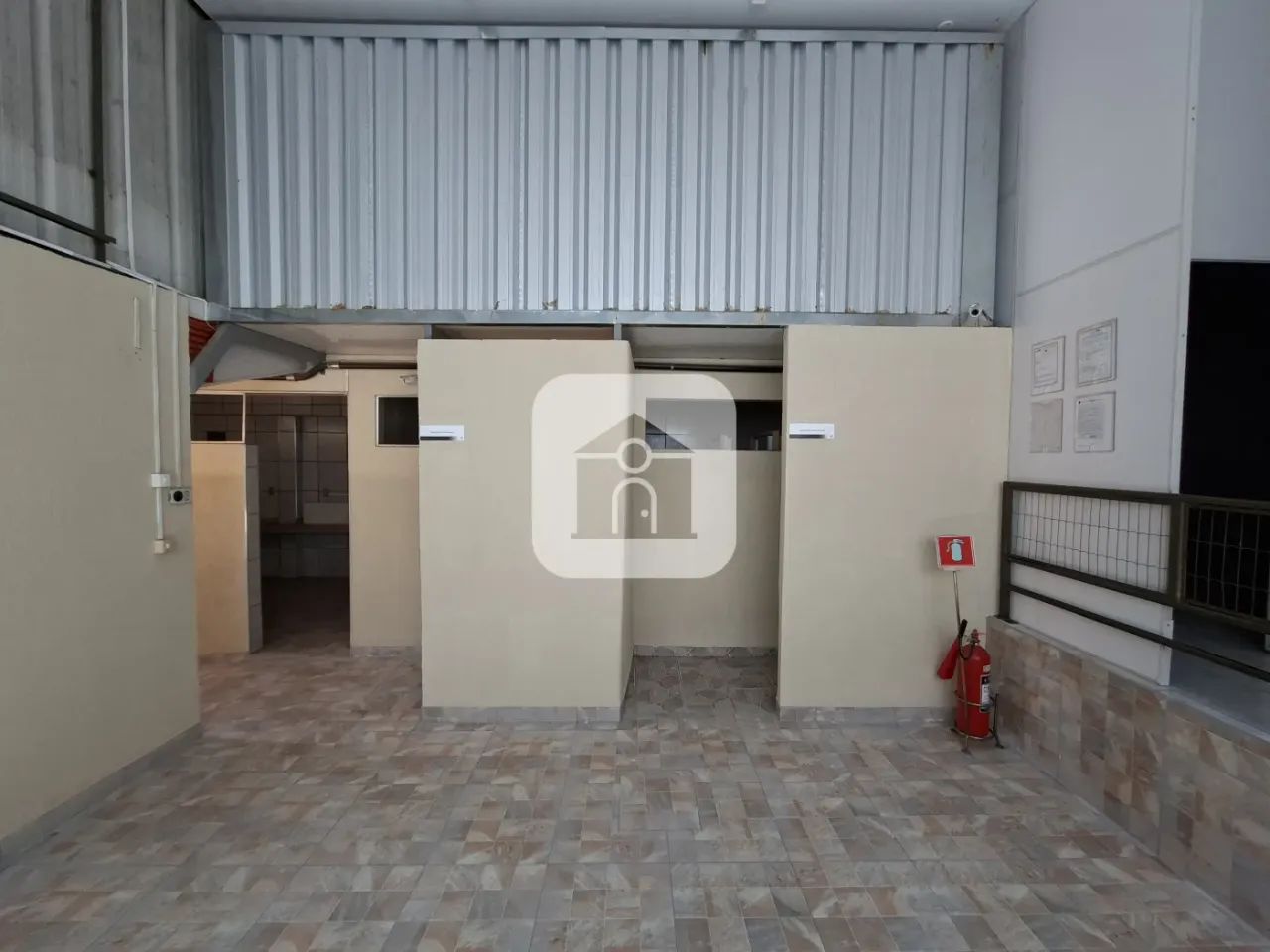 Casa comercial para locação no bairro Brasil - Foto 5
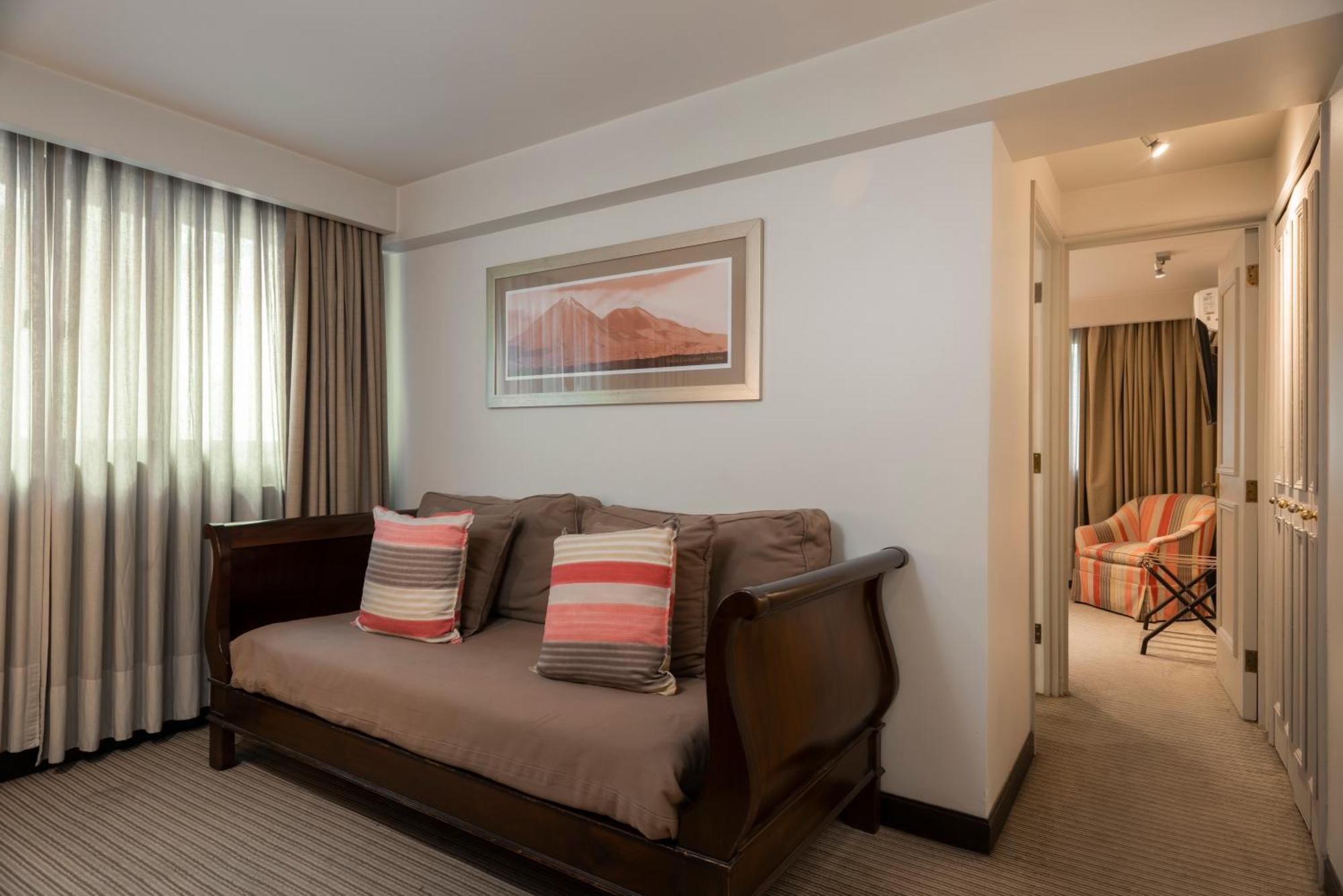 Hotel Los Espanoles Plus سانتياغو المظهر الخارجي الصورة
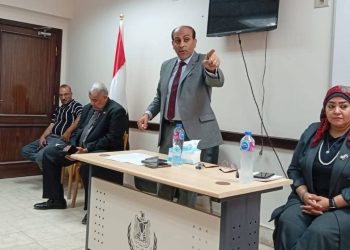 اجتماع عاجل وموسع لوكيل وزارة التموين بالقليوبية لوضع ضوابط صارمة لضبط الأسواق وتقديم أفضل خدمة للمواطنين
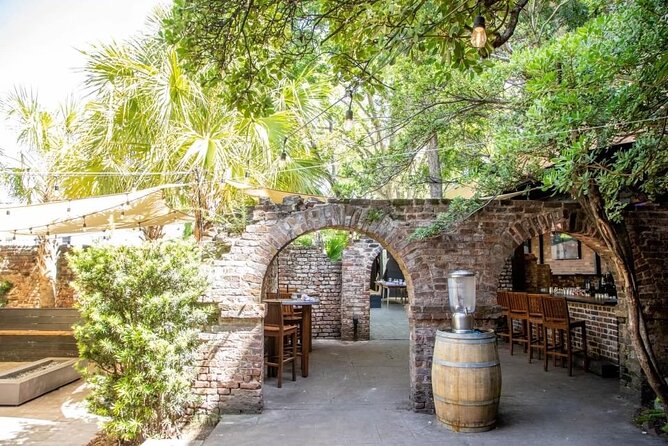 Charleston's Crafts & Cocktails tour - The “Crafts & Cocktails” part: stories plus a real group game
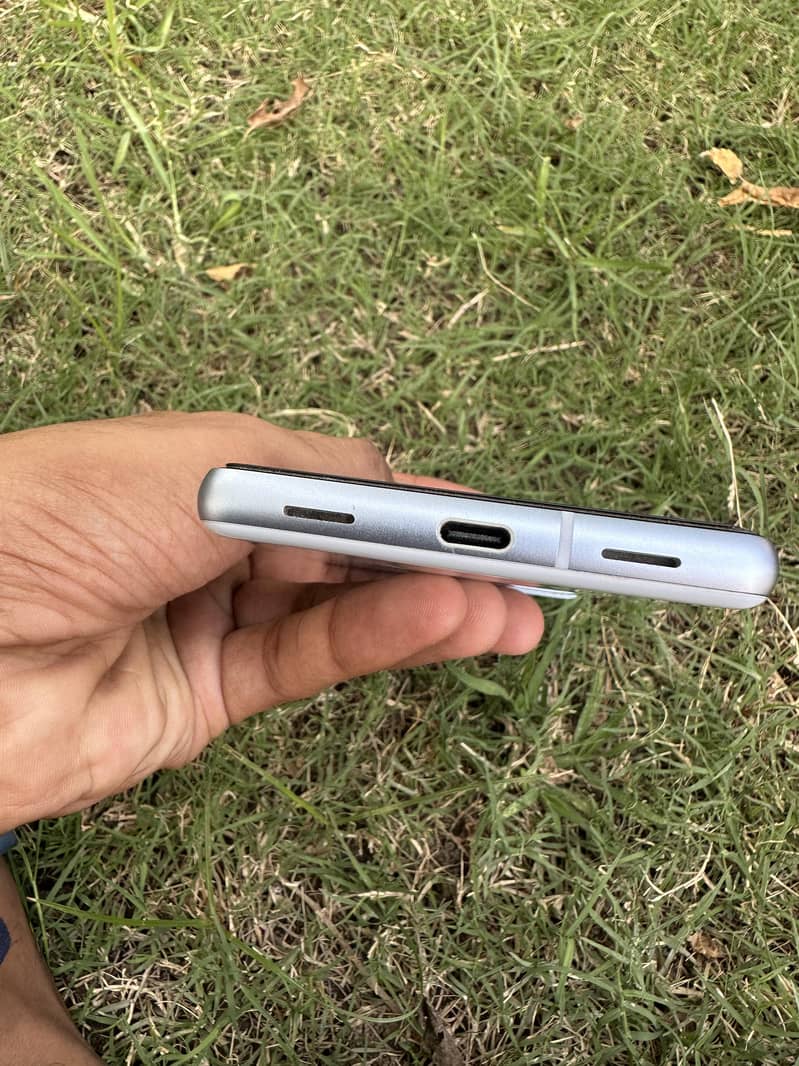 Google Pixel 7a 5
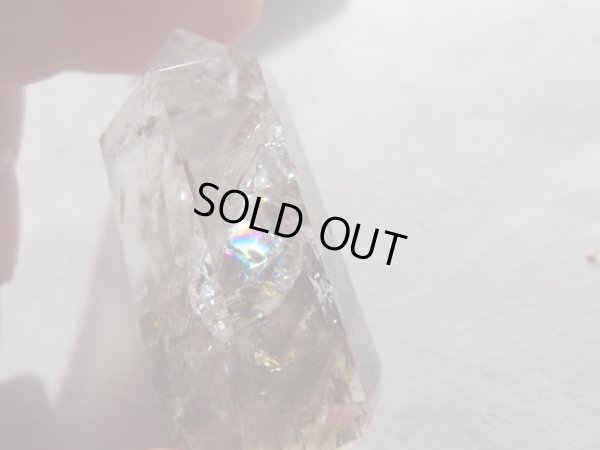 画像9: 特選　天然クラックバキバキのレインボーアイリスクォーツ磨き石　スモーキー入り　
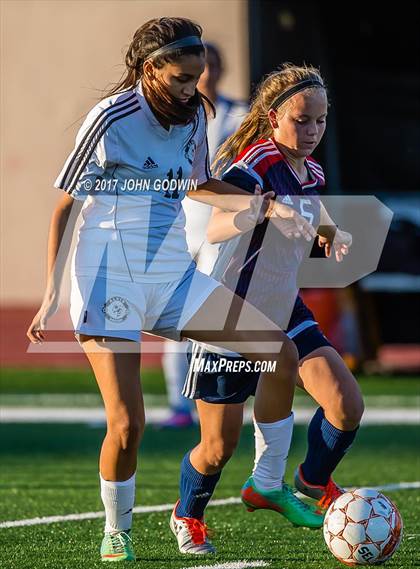 Thumbnail 3 in Alvin JV Orange vs Clear Lake JV photogallery.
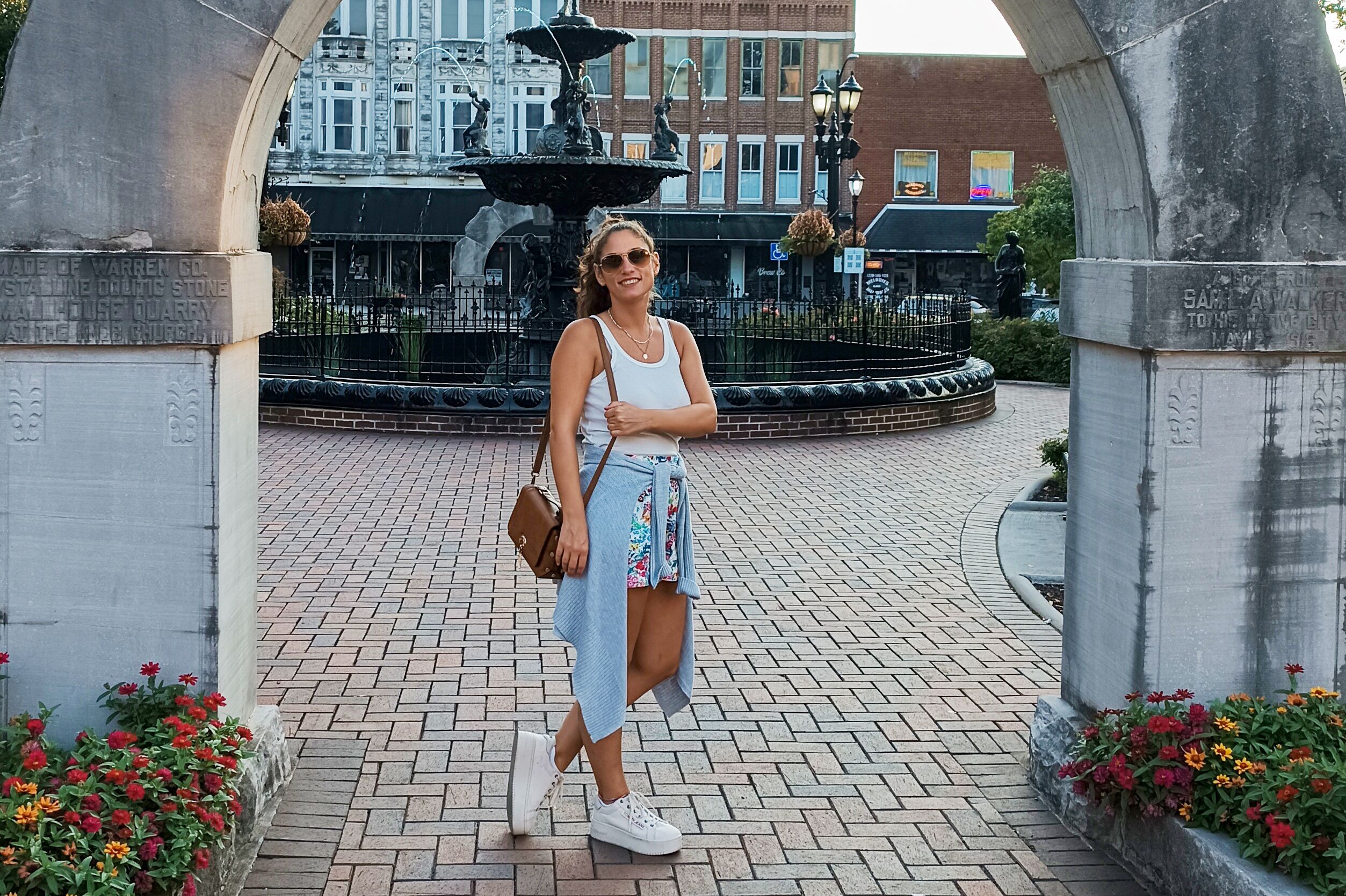 Giulia im Fountain Square Park in Bowling Green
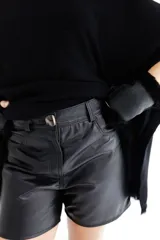 Poncho celeste de tejido de punto con cuello redondo y terminación desflecada.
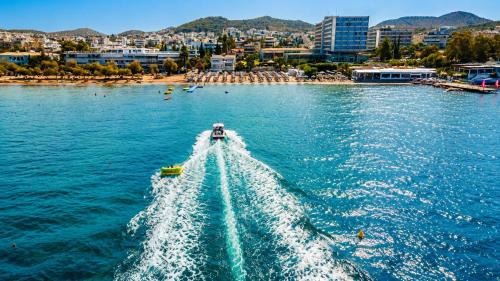 Pure Azure, Kavouri Beach - Athens Riviera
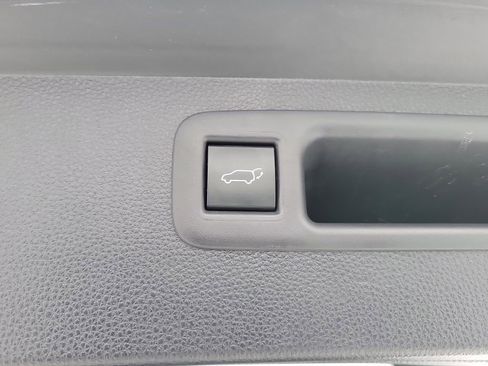 Used 2023 Toyota Highlander L image 32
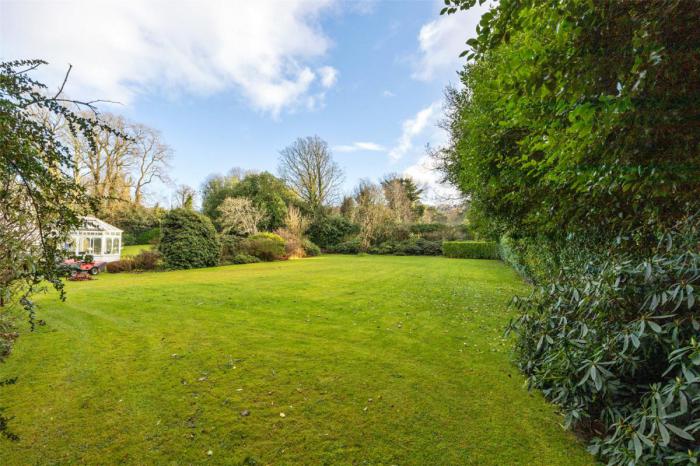 Lenaghmore, 4 Circular Road West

* **Problem description**: Copy word for word the lines above, starting at the line containing "Hotel Los Espanoles" and ending at the line containing "Giulia im Fountain", inclusive, with no pictures.

* **Task solution**:
 Hotel Los Espanoles Plus سانتياغو المظهر الخارجي الصورة
 اجتماع عاجل وموسع لوكيل وزارة التموين بالقليوبية لوضع ضوابط صارمة لضبط الأسواق وتقديم أفضل خدمة للمواطنين
 Charleston's Crafts & Cocktails tour - The “Crafts & Cocktails” part: stories plus a real group game
 Google Pixel 7a 5
 画像9: 特選　天然クラックバキバキのレインボーアイリスクォーツ磨き石　スモーキー入り　
 Thumbnail 3 in Alvin JV Orange vs Clear Lake JV photogallery.
 Giulia im Fountain Square Park in Bowling Green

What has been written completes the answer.